▸ **DIRECTIONS FOR THIS TASK**
Below are entries; repeat exactly, and nothing else, the lines from the one holding "Ava W. Portfolio Logo" through the one holding "Les Residences De", inclusive. Leave the pictures out.

+++ GIVEN RECORDS

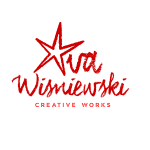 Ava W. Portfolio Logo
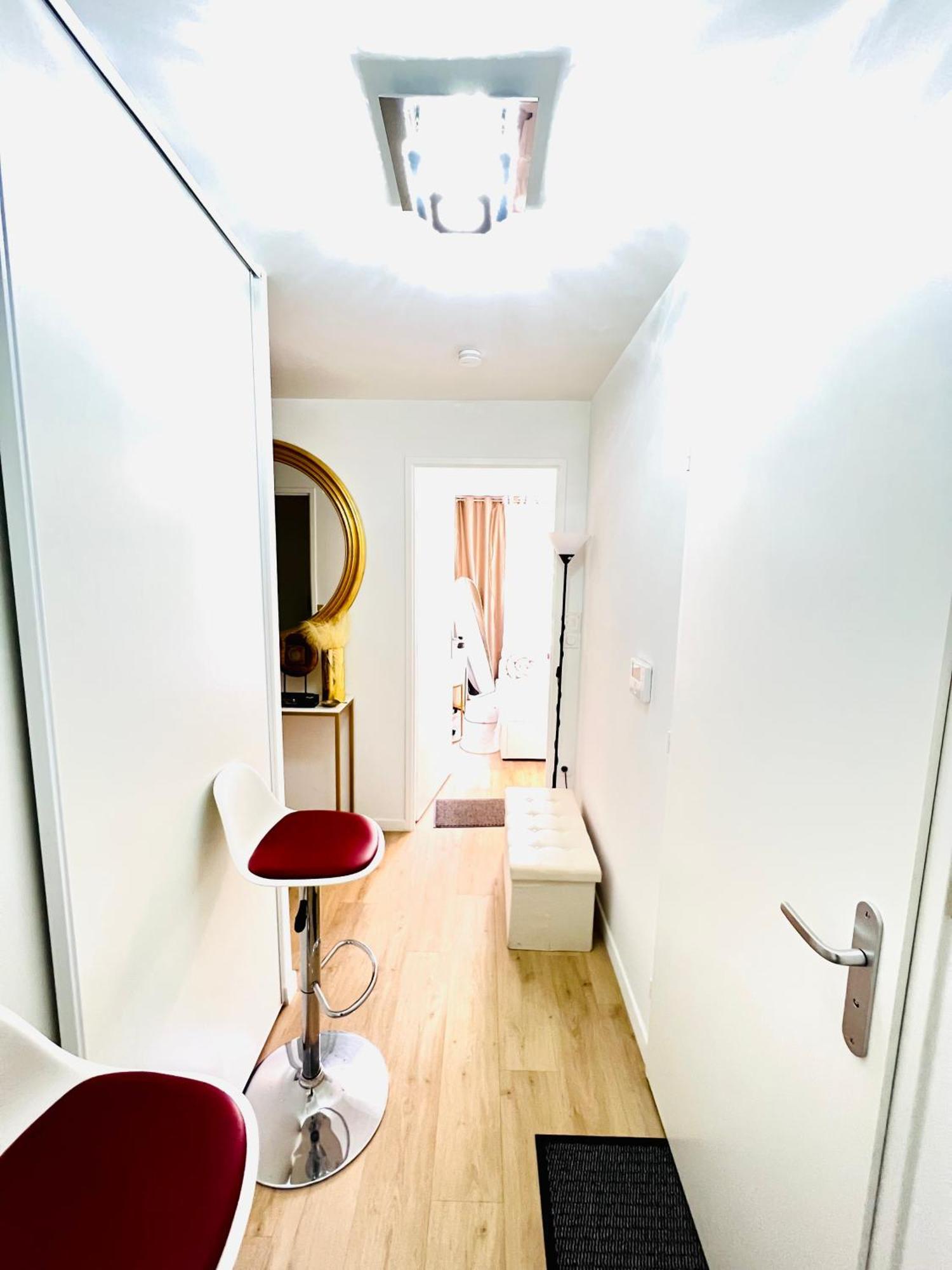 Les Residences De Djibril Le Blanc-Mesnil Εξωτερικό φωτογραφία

++++++
+++ GIVEN RECORDS

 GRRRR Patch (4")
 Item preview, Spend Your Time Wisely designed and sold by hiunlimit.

++++++

▸ **SOLUTION TO THIS PROBLEM**
 Ava W. Portfolio Logo
 Les Residences De Djibril Le Blanc-Mesnil Εξωτερικό φωτογραφία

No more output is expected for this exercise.